From: Lawrence Paulson <lp15@cam.ac.uk>
If a chain is necessarily indexed by the natural numbers, then your problem is trivial. Without that restriction, the set of countable ordinals is a counterexample to your proposition. This set is totally ordered, and uncountable.

--lcp

view this post on Zulip Email Gateway (Aug 19 2022 at 17:28):

From: Till Mossakowski <mossakow@iws.cs.uni-magdeburg.de>
Of course, the union of a countable chain of countable sets is countable
again.
However, the union of an uncountable chain of countable sets generally
is not, nor can such a chain be represented as object of type "nat =>
nat => 'a".

Best, Till

view this post on Zulip Email Gateway (Aug 19 2022 at 17:28):

From: Christian Sternagel <c.sternagel@gmail.com>
On Mar 20, 2015 22:42, "Joachim Breitner" <breitner@kit.edu> wrote:

Hi,

Am Freitag, den 20.03.2015, 16:15 +0100 schrieb Bertram Felgenhauer:

Andreas Lochbihler wrote:

I am wondering whether the countable sets ordered by inclusion forms a
chain-complete partial order. In other words: If C is a chain of
countable
sets, is the union of all the sets in C countable again?

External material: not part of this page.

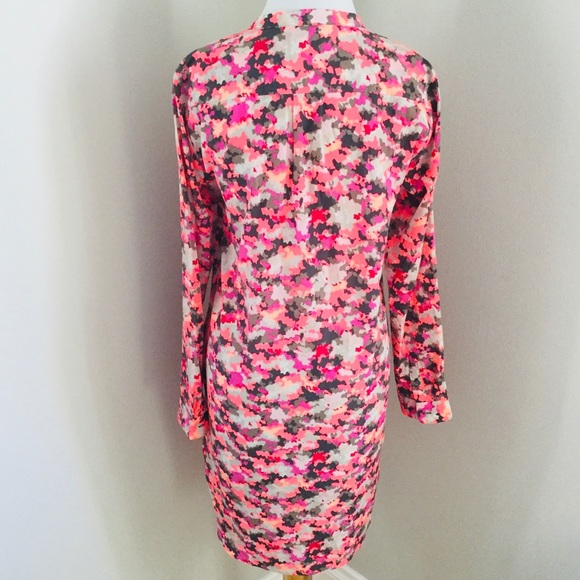 131. Gap T-Shirt Camo Dress - Picture 5 of 6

The answer is no. For example, let C be the least uncountable ordinal
number; then all its elements are countable, but their union is C
itself, because C is a limit ordinal.

but is C a chain, e.g. totally ordered?

I would say the answer is yes:
A countable set over 'a can be represented as "nat => 'a", a chain of
those would be "nat => nat => 'a".

Maybe it should be clarified whether we are talking about countable chains
here, or arbitrary totally ordered sets of sets?

So using any bijection

"nat => (nat × nat)", we can show that there are countable many 'a’s in
there.

Greetings,
Joachim

--
Dipl.-Math. Dipl.-Inform. Joachim Breitner
Wissenschaftlicher Mitarbeiter
http://pp.ipd.kit.edu/~breitner

view this post on Zulip Email Gateway (Aug 19 2022 at 17:28):

From: Christian Sternagel <c.sternagel@gmail.com>
Sorry for my previous odd interjection into this thread. Somehow my
mobile device managed to just show me Joachim's original mail but not
all the replies that were sent in the meantime.

chris

view this post on Zulip Email Gateway (Aug 19 2022 at 17:28):

From: Lochbihler Andreas <andreas.lochbihler@inf.ethz.ch>
Dear Bertram,

Thanks a lot for the counterexample. Of course, I was thinking of uncountable chains, which are used in the definition of the ccpo class in Complete_Partial_Order. Otherwise the question is trivial. So, there is no ccpo instance for cset :-(.

Best,
Andreas


Last updated: Nov 21 2024 at 12:39 UTC